Mudie’s Select Library was the largest and most famous circulating library of the Victorian period, because of the economic method of distribution, according to which people bought books from the Select Library by paying a pre-book (a sort of booking of the book).
Sense of the present
Victorian novels must be considered as responses to this time of change, responses which were ambivalent, because some writers felt they need to engage against society, and other retreat from it and find a refuge in a stable past. Condition of English novels are directly engaged with the contemporary social and political issues, and with a particular and specific concern that is the social consequences of the industrial revolution in England. That’s why these novels are also called Industrial novels. We can say, then, that Victorian novels in which the sense of the present is stressed can be defined as Conditional novels, Industrial novels, all marked by social realistic descriptions. These novels share some features such as criticism of the effect of industrialism, the exploitation of children in factories, the abuse of child labour and the miserable condition of industrial working class.

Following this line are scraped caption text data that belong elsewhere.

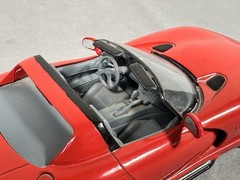 1/24 Scale Nicely Built Dodge Viper V-10 Model Car Red Mopar 1/25 Sidepipes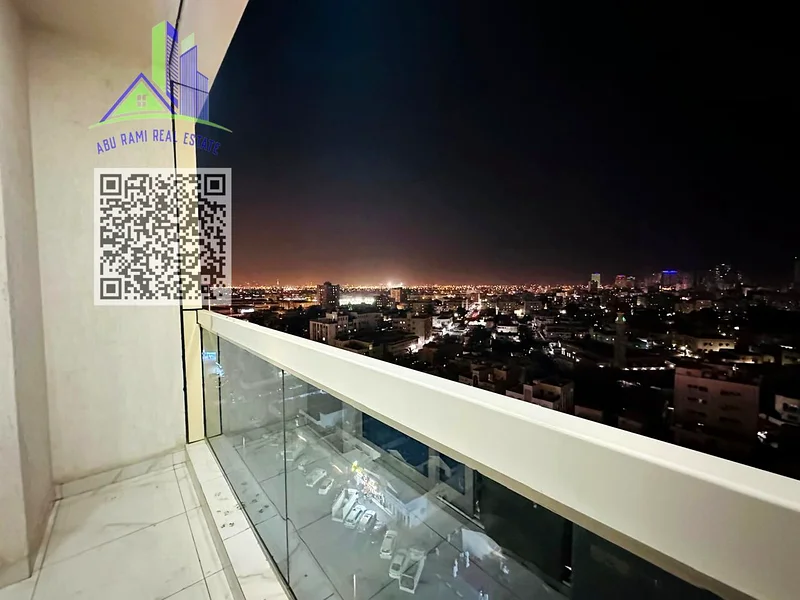 Two rooms and a hall for monthly rent in Ajman. Bills included.63219809635585111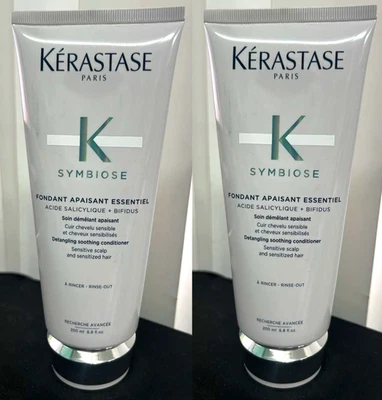 Acondicionador desenredante Kerastase K Symbiose Fondant Apaisant Essentiel 6,8 oz Foto 1 de 2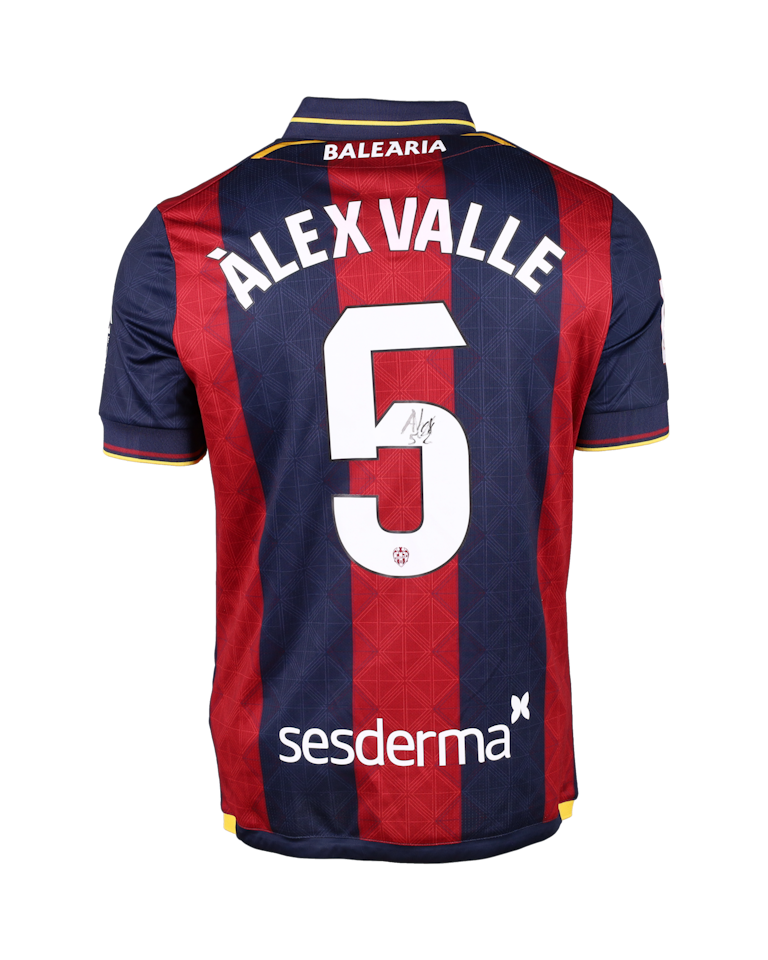 Álex Valle Gómez Levante UD shirt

The nineteenth century Britain was the high noon of the social realist novels and major Victorian writers like Charles Dickens, George Eliot.
Condition of England novels
Some examples of these novels are:
- Elisabeth Gaskell’s Mary Barton (1848) and North and South (1855);
- Charles Dickens’s Dombey and Son (1846), Hard Times (1854), Bleak House (1852), Our Mutual Friend (1864);
- Benjamin Disraeli’s Coningsby (1844) and Sybil (1845).
The sense of the past
‘We who have lived before the railway were made, belong to another world […] railroads start a new era, and we of a certain age belong to the new time and the old one…’. This sense of division, of belonging to two ages was strongly felt by some novelists who are concerned with the recent past of their society but also with their personal past. The sense of the past as a sense of the self: the bildungsroman.
Some writers in order to escape from the age they lived in looked back to the past, but this idea of the past must not be understood just from a chronological point of view: it is something personal, subjective, a sort of magic in which nostalgia had a fundamental role. In an age of rapid change, the individual had to re-orientate himself in relation to both past and present, and the result of this introspective tendency is an exploration of the continuities and discontinuities in the history of the self, often with autobiographical tones. These novels deal with continuities and discontinuities in time. The personal past is presented in order to find new meanings. That’s why many novels dealing with this sense of the past are bildungsromans: novels of formation or education, which follow the maturation process of the individual (how and why the individual develops from a psychological and moral point of view). Since memory plays an important role in these novels, we can say that Victorian novelists in this case felt the influence of Wordsworth; so, these novels deal with selfhood in a context of cultural crisis.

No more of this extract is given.